User Guide¶
Mosaic UI¶
After installing mosaic, start by activating the mosaic environment.
On OS X or Linux:
source activate mosaic
On Windows:
activate mosaic
Now that the mosaic environment is active, type the following command in your terminal window:
anaconda-mosaic
The default browser will open and show the following window:

Add a new dataset by clicking the “+” icon at the top left, then following the prompts in the Add Dataset dialog box:

As of Mosaic 1.3 you can add Excel spreadsheets in .xls, .xlsx or .cvs format.
The Iris dataset is provided as built-in sample for initial exploration. Most of the examples in this documentation use this dataset to show how each component of Mosaic works.
After a dataset is selected, there are three main components in the Mosaic window:
- The left column, which displays a list of datasets currently opened. Provides a quick search bar and the + button to import new data.
- The main panel displays the data. You can work on several datasets using embedded tabs, each tab contains a top bar with several buttons to perform data transformations. Below that bar you can see a text field to introduce Blaze commands, then click Preview to see if the command works, Apply to apply that command to the dataset, and Commit to create a new dataset from the command. Below the command field there are four buttons to explore your data: Table, Plot, List and Stats.
- The right column shows some information about the dataset you are currently working on. It also shows a button to open the dataset in a Jupyter Notebook. Refresh your row count at any time by clicking the “Refresh” icon.

Data transformations¶
The top bar shows a list of icons to quickly perform common data manipulations. Mosaic transforms the data using Blaze expressions, and each of the buttons inserts a command that can be further customized to fit your needs.
After inserting a command click Preview to preview the changes you are about to make, click Apply to perform the transformation.

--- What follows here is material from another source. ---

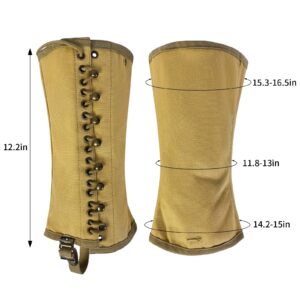 SMONT Canvas Gaiters Snake Gaiters Leg Gaiters for Men Ww2 Gaiters Reproduction WWII Us M1936 Leggings Gaiters for Hiking Army Khaki Canvas Gaiters Puttee Protection for Legs, 3R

A sequence of tags will appear below the command field, these keep track of the transformations so you can undo your previous commands by just deleting the tags.
The data in the following table was obtained performing a by transformation followed by a projection. You can see them listed right above the table:

It is also possible to copy the current data into a new dataset, click Commit to open the Commit Expression box, enter a Name and a Description for the new dataset and click OK.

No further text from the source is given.